Currently, Neil continues to work and to live the life he always has. This summer he and Suzanne are having an addition built on to their home in O’Hara Township, designed to meet his future needs and those of his family and friends who will be helping him. The time will come when he needs assistance to eat and dress, when his speech will be affected, and when he will need a wheelchair.

“I hope my ALS has a slow progression,” he said. “But we are not going to hide from it. I will still go to my children’s school events in a wheelchair, and when I’m not using it I want the kids to have fun riding it down the street. I want them to look back and laugh with their children about how their grandfather dealt with such a tough diagnosis. It helps to take away the negative power of our situation.”

The mission that Neil and Suzanne have set for themselves – to raise money for research into ALS and to find a cure – at times seems daunting. The disease was first identified in 1874, and since then, little scientific progress has been achieved, even though more than 5,000 individuals are diagnosed with ALS each year in the United States alone. A similar number die of the disease in the U.S. every year, and at any one time there are approximately 30,000 ALS sufferers.

“We want to raise awareness to push this into the foreground of attention for medical research,” said Neil. We are getting positive energy from what we are doing. This is a tough diagnosis and everyone deals with it differently. If there is any positive benefit that can come from this, then I believe LiveLikeLou.org represents that.

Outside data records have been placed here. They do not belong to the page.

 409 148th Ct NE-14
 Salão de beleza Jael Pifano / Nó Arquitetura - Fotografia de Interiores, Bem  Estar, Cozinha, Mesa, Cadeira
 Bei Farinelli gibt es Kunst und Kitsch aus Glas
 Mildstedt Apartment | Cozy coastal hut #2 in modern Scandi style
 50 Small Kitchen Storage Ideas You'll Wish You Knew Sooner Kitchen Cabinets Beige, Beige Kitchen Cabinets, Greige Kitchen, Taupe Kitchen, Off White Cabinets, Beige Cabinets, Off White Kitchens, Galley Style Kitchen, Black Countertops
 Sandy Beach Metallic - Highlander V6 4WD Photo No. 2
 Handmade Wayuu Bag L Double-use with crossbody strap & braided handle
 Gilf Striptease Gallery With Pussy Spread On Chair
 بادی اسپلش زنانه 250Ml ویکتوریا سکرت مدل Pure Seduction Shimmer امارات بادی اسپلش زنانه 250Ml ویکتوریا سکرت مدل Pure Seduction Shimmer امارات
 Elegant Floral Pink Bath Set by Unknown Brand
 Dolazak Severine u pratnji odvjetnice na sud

“We are doing it for the benefits we can create for other sufferers of ALS and their families, for the hope that renewed research may bring, but also as a vehicle for personal growth for our kids so they will know that we didn’t let this happen without a fight.”

“Neil’s is a deeply moving, tragic and courageous story,” said Grant Oliphant, The Pittsburgh Foundation’s president and CEO. “Despite the devastating news of his diagnosis, Neil and his family are resolute in their efforts to use this to help others and to advance knowledge and treatment of this dreadful disease.

“They have set a compelling example of selflessness that few of us will ever attain and I am humbled that The Pittsburgh Foundation is able to play its part as partner, friend and helper on their journey.”